If we're still heading towards async upload, then we need to watch out for
 - content-process paint of buffer X can't race with texture upload of X.  Or else we'll look like crap.  That means we might hit "upload stalls" unless we triple buffer, but triple buffering is a new memory tradeoff to measure.
 - async upload has to deal with content-process crashes.  This could be pretty hard; might need to discuss this with a patch to reference.

You were mentioning asynchronous layers updates on IRC, but that's a separate can of worms that you probably don't want to open (yet).  It's orthogonal to the texture uploading problem.  There's already a bug on file for that, which I can't find right now, sorry.  Let me know if you're interested.

Let me know if this makes sense.
Comment 4 Chris Lord [:cwiiis] 2011-07-20 07:34:06 PDT
Ok, a lot to think about there!

In terms of data, that's something I need to work on - but I've been using the GLES layers for a while now, and rather than trying to improve general performance, I'm trying to prove the very perceptible jerk when the cache viewport is updated. I'm reasonably certain that this is due to the texture upload (which is quite a huge size on a 1200x800 screen tablet), and this seems like one obvious way to fix that.

I haven't encountered any obvious crashers using GL yet, though there are some rendering bugs that I'd like to try and help with - the frame-rate is pretty good (20+) when texture updates aren't happening and not so great when they are.

Of course, partial updates would be good too, but there are legitimate occasions to update large areas, and if we can make this non-blocking, that seems like a good idea - certainly at least worth experimenting with, I'm prepared for it to not work/not help at all, at least I've learnt something about how this code works :)

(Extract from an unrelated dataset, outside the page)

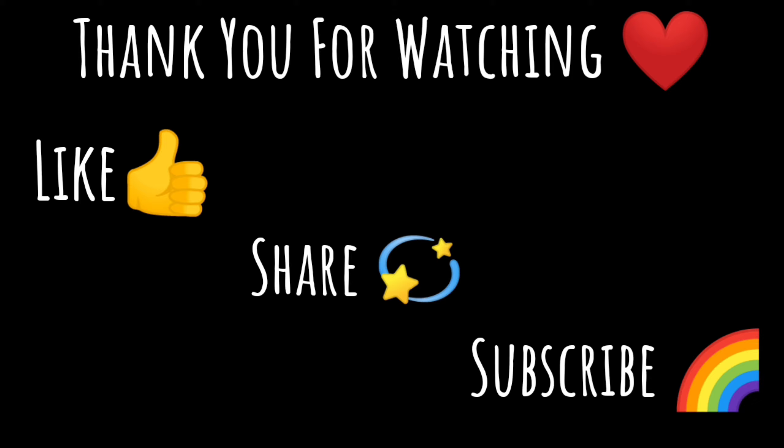If you liked this video, please press the like button and subscribe to my channel if you haven't already. Hit that bell button so you're notified every time I put up a new video. Do follow me on Instagram — I'll leave my handle in the description box below. I'll see you very soon. Till then, stay happy — bye!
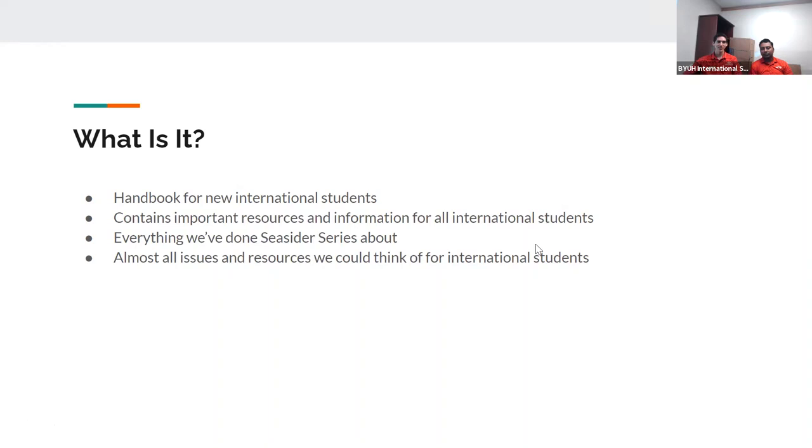The handbook is divided into eight main sections: an Aloha and Welcome introduction, a Preparation section, Life on Campus, Academics, Employment, Regulations, Living in Oahu, a Contact Us section, and then Aloha and Mahalo at the end. I'm really excited for them. It's going to be the first handbook published by ISS, so especially for new students it's going to be very helpful.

I much prefer the long-term plan, and I've been thinking about this too - but is it possible to share GL resources cross-process on Android? Or rather, I know it's possible with EGL pixmap, but the API for this isn't public, which would make it rather cumbersome, especially as their 'native buffer' implementation is non-trivial (though maybe we can just cheat and do manual library loads/symbol look-ups to get what we need..) - if there are people working on this, I can lend a hand if it'd help.

My current plan is to only allow a single asynchronous update to happen at a time, so when another update comes, it'll block on the old one completing - Given that we don't update the cache viewport each frame, the likelihood of these updates bumping into each other is extremely unlikely. This is instead of the async layer updates I was talking about earlier, which you're right about, it is a can of worms I don't want to open :)

I think there's a lot of stuff I've not considered and probably will need to, and yes, tests for all of these things would be great. I'd like to try and get this patch working to see what difference it makes, as I think I'm quite close, but I'll re-examine the situation once that's done.
Comment 5 Chris Jones [:cjones] inactive; ni?/f?/r? if you need me 2011-07-21 15:14:43 PDT
(In reply to comment #4)
> In terms of data, that's something I need to work on - but I've been using
> the GLES layers for a while now, and rather than trying to improve general
> performance, I'm trying to prove the very perceptible jerk when the cache
> viewport is updated. I'm reasonably certain that this is due to the texture
> upload (which is quite a huge size on a 1200x800 screen tablet), and this
> seems like one obvious way to fix that.

The upload is certainly a prime suspect.  Simple FunctionTimers placed across the upload calls would be naive measurements, but might give something useful.  You could also try replacing the full-buffer uploads with something much simpler, just enough to allow measure scrolling perf (like a short line of pixels every few hundred rows, each a different color). 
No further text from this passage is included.